Photo by Norihiro Kataoka

Downtown Dallas to downtown Houston in about 90 minutes. And not at 30,000 feet. It's called high-speed rail, and plans are moving forward faster than most people realize.

That's because the dynamics of moving people and goods in Texas are rapidly changing. Everyone wants to move here — a state where, unlike many others, we’re blessed with a government that embraces business and industry with a passion. That's the upside.

But with more than 1,000 people per day moving to Texas from places like the West Coast, the Rust Belt and the Northeast, the state’s highway network faces massive challenges. Roads aren't maintained as well as they used to be. More fuel-efficient cars have resulted in less gas tax revenue for road construction. Less gas tax also means more reliance on toll roads. All of this leads to more congestion on our highways, forcing us to waste more time in our cars. That's the big downside.

Want to fly a short hop? The friendly skies aren't so welcoming anymore, with long security lines, mandatory check-in times and delays. Many airlines are cutting back on short-haul flights in favor of long hauls.

So where does that leave us in Texas, where our three main population centers — Dallas-Fort Worth, Austin-San Antonio and Houston — are all at least 200 miles away from each other? With an opportunity for high-speed passenger rail. The future of business and commerce in Texas hinges on a fluid transportation system that is fast, dependable and connects people with all modes of transportation from start to finish. 

Not only is a private company called Texas Central Railway already deep into determining how to build a line from Houston to Dallas with five decades of proven high-speed rail technology behind it, but on a separate front, the Texas Department of Transportation’s Rail Division and the Federal Railroad Administration are studying how to move Texans at higher speeds along Interstate 35 from Oklahoma to South Texas.

That study is funded by federal grants, so it’s going to be a slog from start to finish. It could lead to a private enterprise, a public-private partnership or an all-public venture. Time will tell. 
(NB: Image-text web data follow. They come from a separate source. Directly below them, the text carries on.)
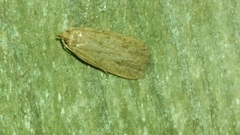 Glyphidocera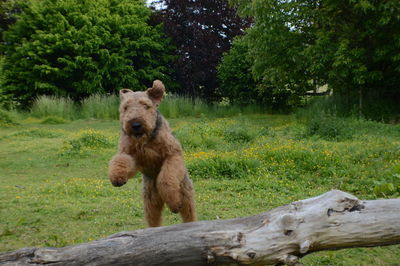 Wire fox terrier jumping over log against trees
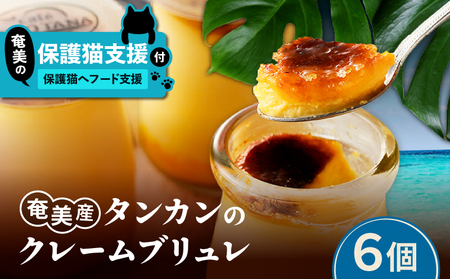 【 奄美 の 保護猫 支援（ 保護猫フード 10日分 ）】＋ 奄美産 タンカン の クレーム ブリュレ （ 6個 入り ） A071-002-02 菓子 スイーツ クリームブリュレ デザート 保護猫支援 保護猫プロェクト cafeCOVOTANA ふるさと納税 鹿児島 奄美市 おすすめ ランキング プレゼント ギフト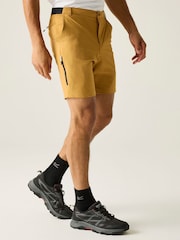 Regatta Brown Anti Insect Travel Light Shorts - Image 1 of 7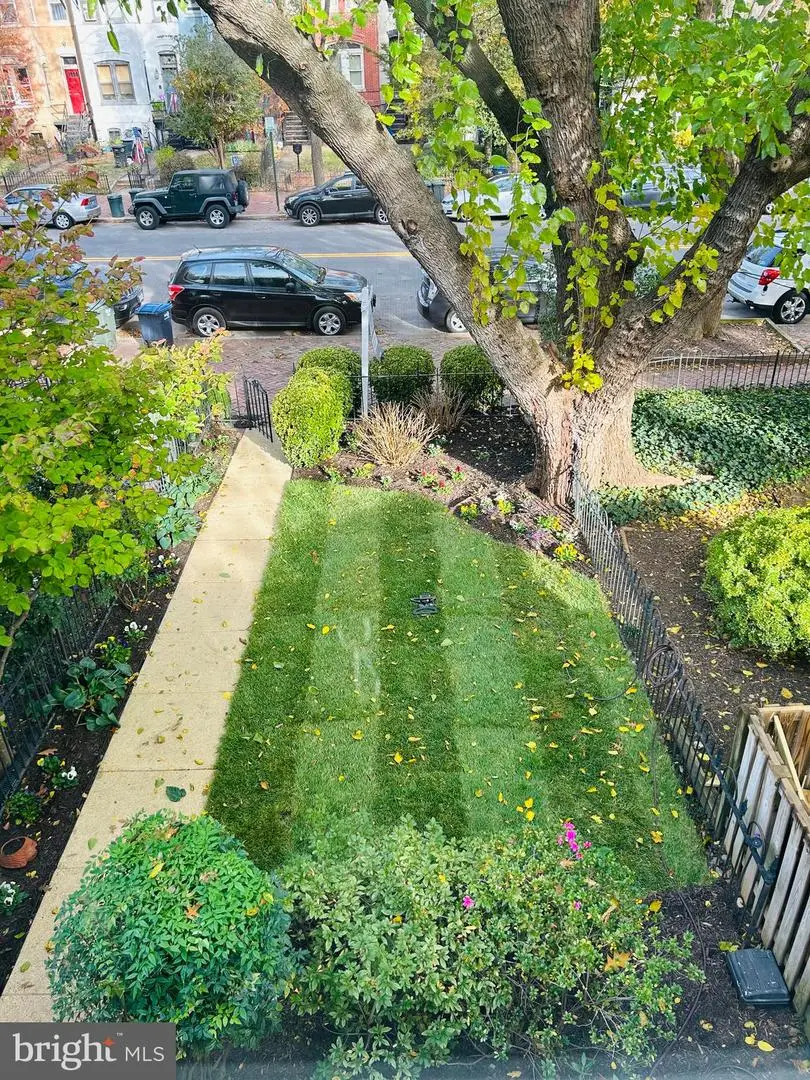 1019 South Carolina Ave Se, Washington, DC 20003 - Image #2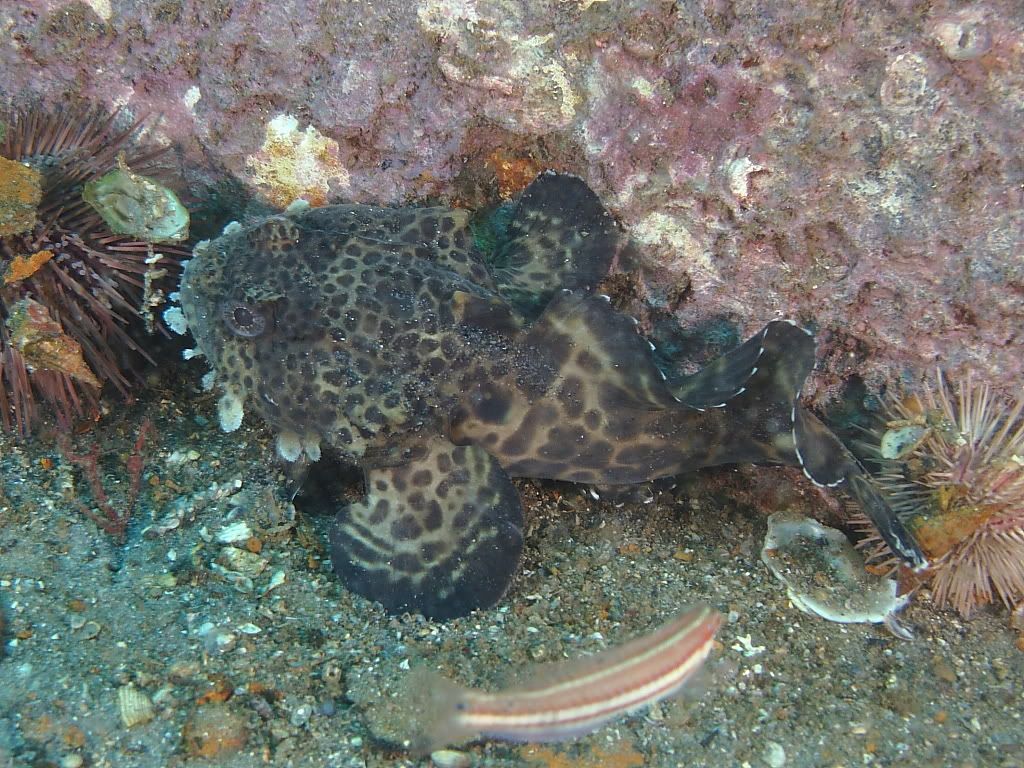 toadfish900.jpg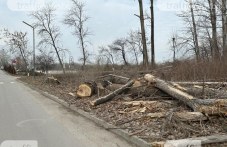 Специална комисия решава какво да засади на мястото на премахнатите тополи край Гребната база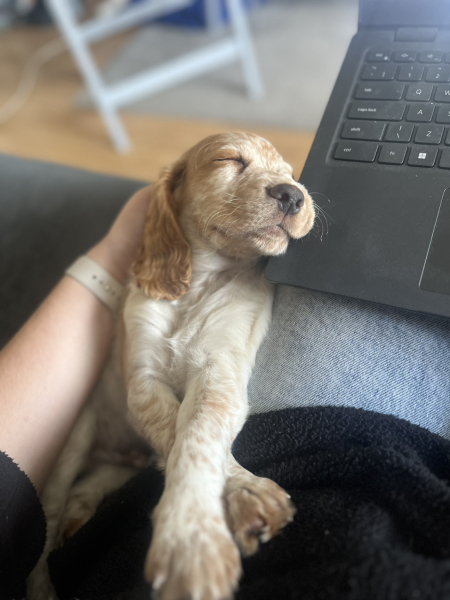 Puppy support group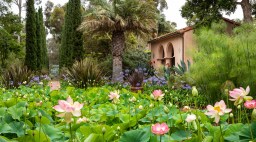 Lotusland botanic garden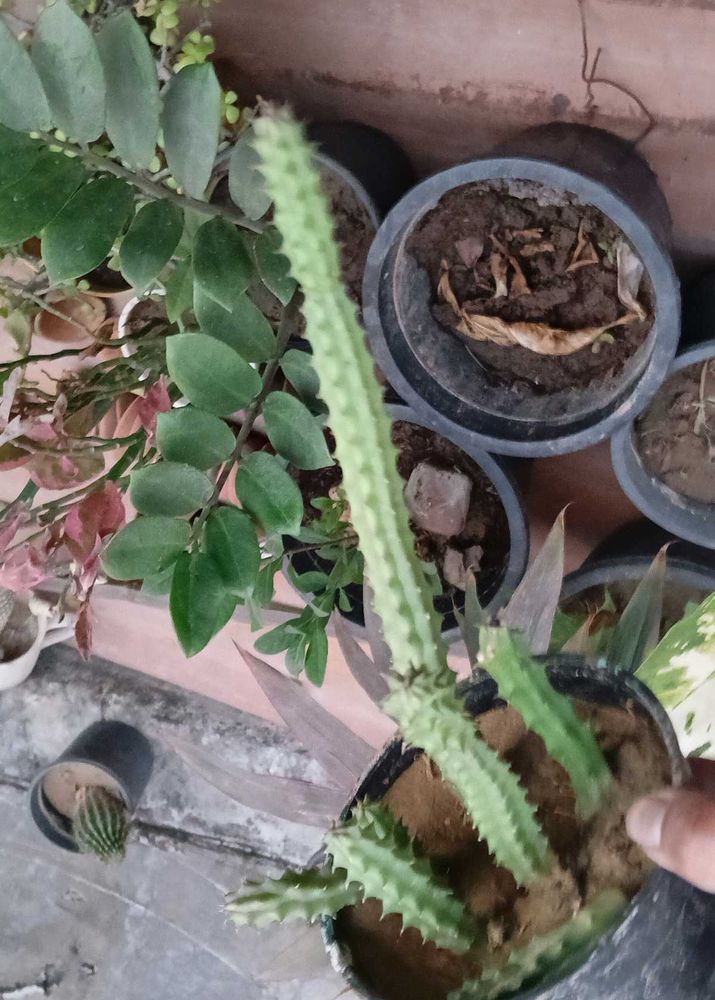 flowering Cactus Plant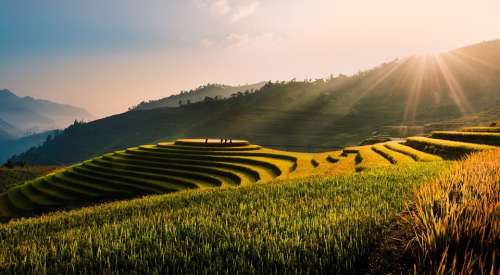 Vietnam Tu Le Terraces Field Rice Field Rice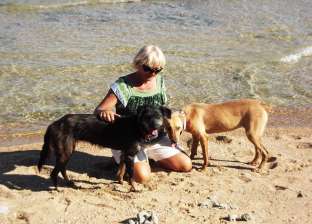 بعد وفاتها.. صفحة سيدة دهب على فيس بوك تجمع تبرعات لإنقاذ الكلاب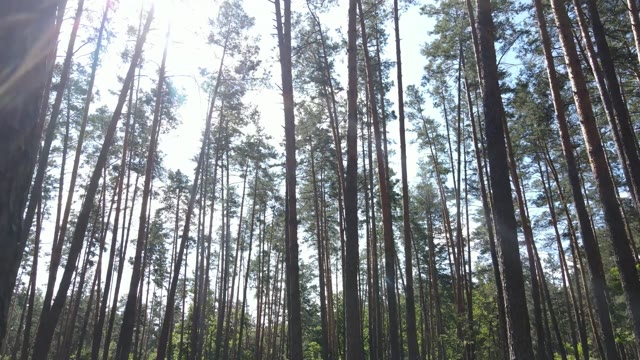 4k Zoom Insane Summer Forest With Red Stock Footage: Royalty-Free Video ...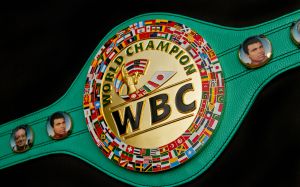В WBC хотели бы увидеть бои Поветкина с Уайлдером и Фьюри в 2016 году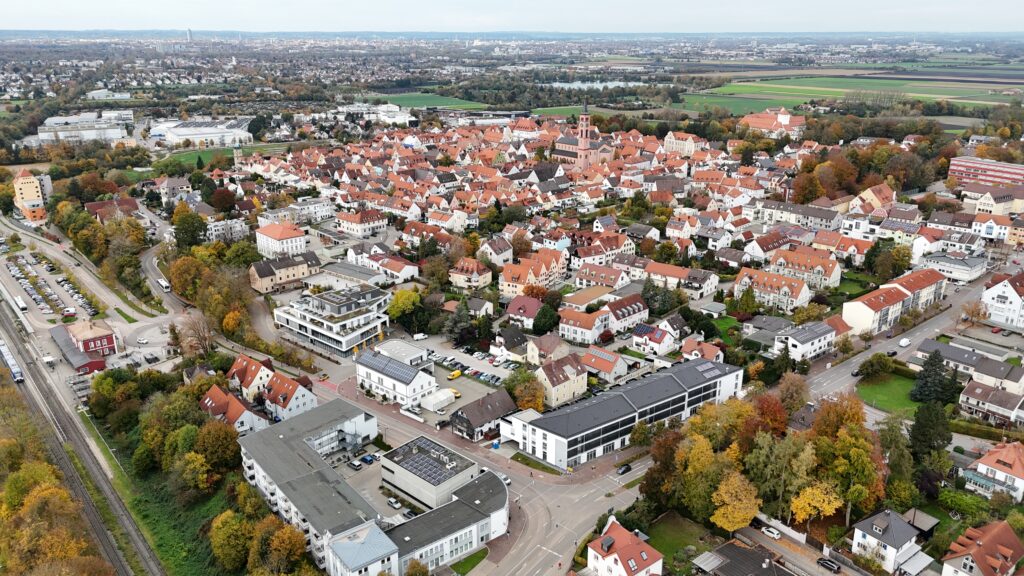 friedberg dynastie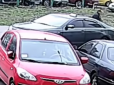 Виніс... бетонну клумбу: ​Київський таксист обурив мережу нахабною крадіжкою (відео)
On the other hand, the private funding that supports Texas Central — which has done its homework and looked at over 90 city pairs before giving the I-45 corridor a green light — will likely put the Dallas-to-Houston railway on a fast track that could mean bullet trains are up and running within the next 10 years.

There are plenty of signs that we’re finally becoming a multimodal society in Texas. It was only five years ago that TxDOT created its rail division. Many other states have been planning and operating passenger rail for decades. 

But as Texas’ plans move ahead, we must also make sure that we get it right the first time. Rail projects have to be cost-effective and show a return on investment. For private projects, that means profit for shareholders. For public projects, that means benefits in time savings, convenience, connectivity and the resulting economic development that keeps our state growing. Those are tall orders, but hey, we’re Texans, and we like a challenge.

Let’s hope that when Bubba sees a bullet train flying down I-45 at 200 miles per hour, he might just ditch his pickup on the next trip.